◆ What you should do
From the records below, output exactly the lines running from the line containing "Completo lenzuola natalizio" through the line containing "Tabby progress screen", and no others.

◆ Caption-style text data
=======
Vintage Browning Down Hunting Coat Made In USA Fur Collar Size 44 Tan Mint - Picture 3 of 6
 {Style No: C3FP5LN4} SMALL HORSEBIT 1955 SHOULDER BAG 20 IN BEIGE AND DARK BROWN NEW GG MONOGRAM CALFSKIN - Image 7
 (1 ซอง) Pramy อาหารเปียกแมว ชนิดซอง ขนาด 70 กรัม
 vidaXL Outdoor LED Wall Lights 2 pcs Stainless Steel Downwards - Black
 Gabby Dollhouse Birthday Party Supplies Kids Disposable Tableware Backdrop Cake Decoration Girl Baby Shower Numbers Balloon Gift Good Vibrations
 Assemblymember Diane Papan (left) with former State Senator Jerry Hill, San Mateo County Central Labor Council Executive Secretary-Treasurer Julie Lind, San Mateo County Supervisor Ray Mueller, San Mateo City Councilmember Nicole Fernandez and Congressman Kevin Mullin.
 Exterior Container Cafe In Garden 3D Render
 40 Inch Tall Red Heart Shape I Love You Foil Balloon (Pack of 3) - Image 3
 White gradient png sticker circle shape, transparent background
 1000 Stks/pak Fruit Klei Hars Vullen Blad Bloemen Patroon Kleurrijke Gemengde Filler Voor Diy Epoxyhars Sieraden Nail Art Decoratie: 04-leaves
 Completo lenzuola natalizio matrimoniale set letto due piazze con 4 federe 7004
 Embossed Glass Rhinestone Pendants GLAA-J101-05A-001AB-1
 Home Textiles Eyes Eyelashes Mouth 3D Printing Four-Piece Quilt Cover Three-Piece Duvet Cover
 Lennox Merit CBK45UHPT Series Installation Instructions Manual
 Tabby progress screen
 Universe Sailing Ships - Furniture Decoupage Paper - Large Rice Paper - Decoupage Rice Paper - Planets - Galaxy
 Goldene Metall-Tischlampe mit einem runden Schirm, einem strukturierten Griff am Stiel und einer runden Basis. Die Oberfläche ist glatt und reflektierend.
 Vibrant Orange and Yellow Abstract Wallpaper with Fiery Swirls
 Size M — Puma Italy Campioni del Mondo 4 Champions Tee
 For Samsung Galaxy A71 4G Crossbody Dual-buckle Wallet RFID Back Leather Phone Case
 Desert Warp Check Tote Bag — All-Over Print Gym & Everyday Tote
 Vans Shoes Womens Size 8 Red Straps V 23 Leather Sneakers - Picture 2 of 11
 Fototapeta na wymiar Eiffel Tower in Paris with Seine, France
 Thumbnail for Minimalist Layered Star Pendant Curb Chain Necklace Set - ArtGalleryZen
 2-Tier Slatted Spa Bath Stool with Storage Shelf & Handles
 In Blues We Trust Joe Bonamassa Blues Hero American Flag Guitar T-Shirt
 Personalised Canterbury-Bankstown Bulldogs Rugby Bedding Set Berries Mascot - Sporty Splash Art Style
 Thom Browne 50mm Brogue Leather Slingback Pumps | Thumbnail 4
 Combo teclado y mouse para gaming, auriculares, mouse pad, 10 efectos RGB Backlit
=======
◆ The completed task
 Completo lenzuola natalizio matrimoniale set letto due piazze con 4 federe 7004
 Embossed Glass Rhinestone Pendants GLAA-J101-05A-001AB-1
 Home Textiles Eyes Eyelashes Mouth 3D Printing Four-Piece Quilt Cover Three-Piece Duvet Cover
 Lennox Merit CBK45UHPT Series Installation Instructions Manual
 Tabby progress screen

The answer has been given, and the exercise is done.